The FDA actually DO NOT make things particularly easier for competent doctors.
The signal provided by the FDA is too noisy and confused and tentative for doctors to actually use to actually do their job properly just by relying on that and nothing more.
Example: the FDA has not approved melatonin for sleep. Melatonin is simply a supplement, like concentrated lime juice or St John’s Wort. I think lime juice is yummy and nutrious, I’m substantially more wary of St John’s Wort, and melatonin is one of my “staples” that I keep in my medicine cabinet for “just in case”. However, doctors treating the FDA as a source of “actual medical advice” miss all of this.

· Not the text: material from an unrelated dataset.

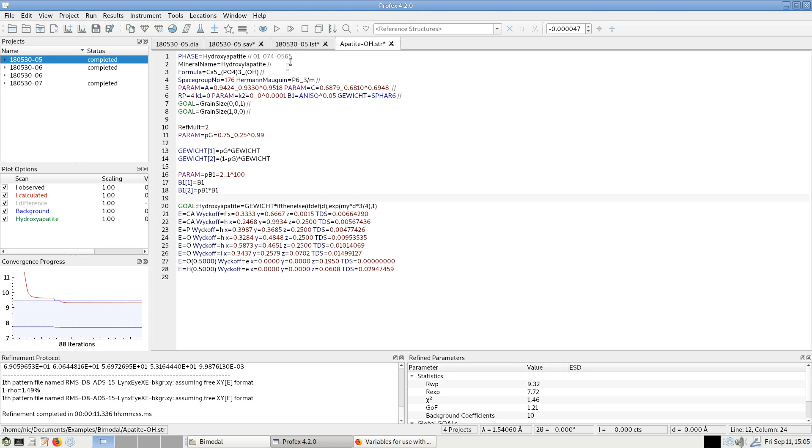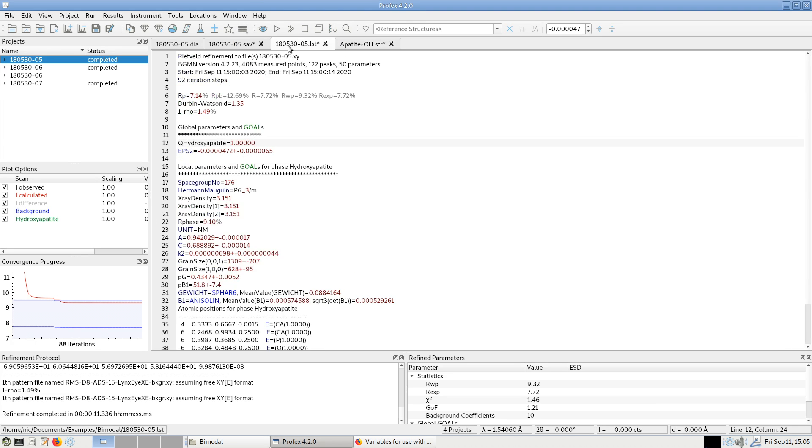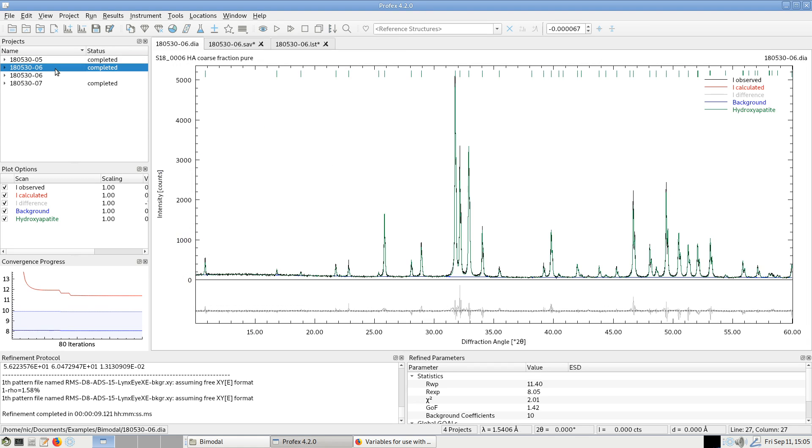You may be wondering why the refined crystallite size of the coarse fraction, 1309 nm, is much larger than the value we refined when we refined only the coarse fraction here.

(The FDA’s essential power is the power to veto coercively. They do this by default for everything new, and then sometimes they loop back around and remove things from the market for various reasons which might sometimes be “because someone who the formerly legal drug competed with wanted the legal drug to no longer be able to compete with them so they lobbied for removal”. Once you’re able to buy or not-buy anything (drug, food, healthy food, spice, or whatever) the FDA’s input is done and over.)

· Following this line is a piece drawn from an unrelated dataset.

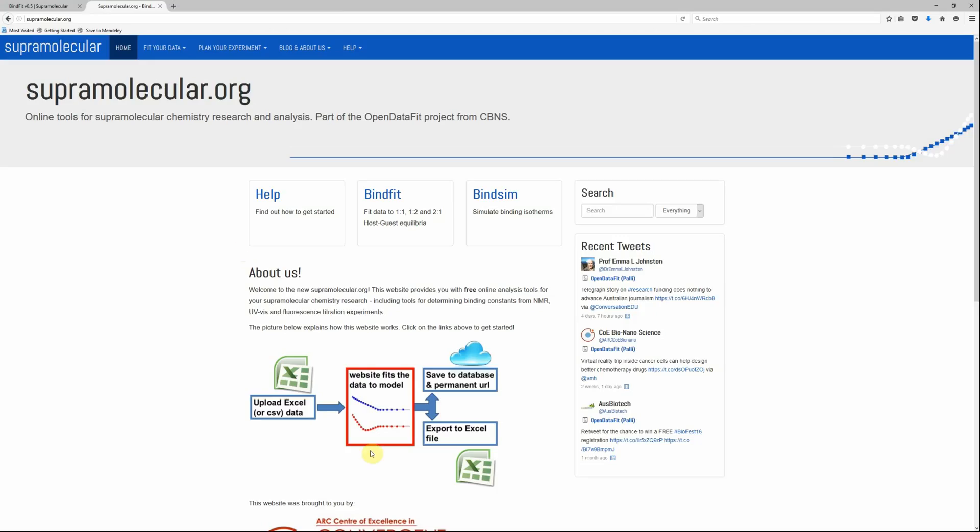There are lots of other information on our website and many other models and helpful tools, but we hope you found this video useful to get insight into how you can use supramolecular.org to improve your research. Thank you for watching this video.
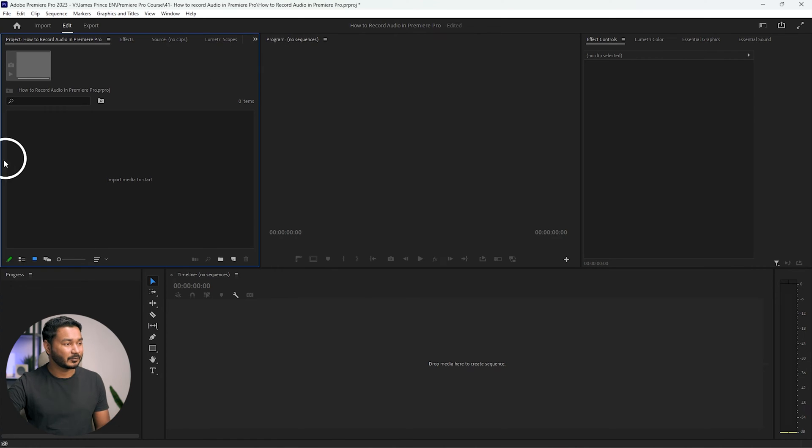Hey guys, this is James and welcome to another lesson of Adobe Premiere Pro free class. Today I'm going to show you how you can record your audio in Adobe Premiere Pro, how you can record voiceover or do dubbing, and I'll show you how you can edit those voiceovers without knowing any advanced audio editing techniques. So without wasting any more time, let's get started.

The service you’re thinking that the FDA provides is actually provided by multiple groups, and the best one I know of (for everyone in general) is the Cochrane Review folks.
Cochrane provides an actual useful service. They try to break things down to the point of actionability, and review their reviews as more research comes in, sometimes changing the practical upshot, which the FDA basically never does.

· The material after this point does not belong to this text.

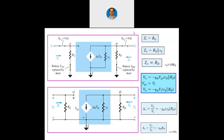Hello students, let us start the class. We have been seeing the small signal model of JFET and we had discussed the expression for the fixed bias circuit. Just to recall, we had derived that Zi equals Rg, Z naught is capital Rd in parallel with small rd, and we will always be using the upper equation itself.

Returning to the example: For melatonin, Cochrane is in favor of it for jet lag but unconvinced for use in ICUs even after hearing the pitch in favor, and looking at studies.
Then separately there are often semi-large medical systems like Kaiser where they practice “evidence based medicine” where specifically their patients and their systems are subject to focused optimizing pressure of a similar sort. I’ve heard Kaiser doctors grouch about how they don’t enjoy their job as much when it feels like they are just following corporate treatment policies and not actually “practicing medicine”. Some doctors (who aren’t burned out yet?) seem to like unusual patients where they don’t have the EBM policies memorized, but maybe some doctors are happy to become “implementers of the policies of others” for the same handful of general practice problems, over and over and over.
But if you doubt doctor competence at anything but being a subservient lackey of wise bureacrats (which, maybe that’s valid, because maybe some doctors ARE burned out and phoning it in) then getting treatment from a corporate system like Kaiser can make a lot of sense, precisely because “the kind of service you’d naively expect from the FDA” is actually being offered by that corporate system’s best efforts towards generalized executive competence at science based medicine in an organizationally realistic way.
If there is a coherent positive argument for the FDA that round trips through the actual medical ecosystem… I’ve never heard it… and I’ve been looking for one since the FDA killed over half a million Americans just over 18 months ago.
The FDA has blood on their hands and I’m still can’t figure out why this isn’t common sense to the American voter, and also not even among particularly smart people!
Maybe I am missing something really obvious and big? The FDA has existed for longer than it has had legal support (it started out as a non-profit, basically, and then the government threw money and power at them during a crisis roughly a century ago) and so surely there are good and proper “Chesterton’s Fence” style reasons to support them out of common sense non-hubristic conservatism?
And I do love common sense non-hubristic conservatism.
But at some point the weight of logic, evidence, and sanity has to pile up such that you fix the giant obvious death machine in your midst? Right? Eventually?
Also, the train of thought seems somewhat binary. If doctors are somewhat competent, but the doctors who worked at the FDA were unusually competent, then having an FDA would still make sense.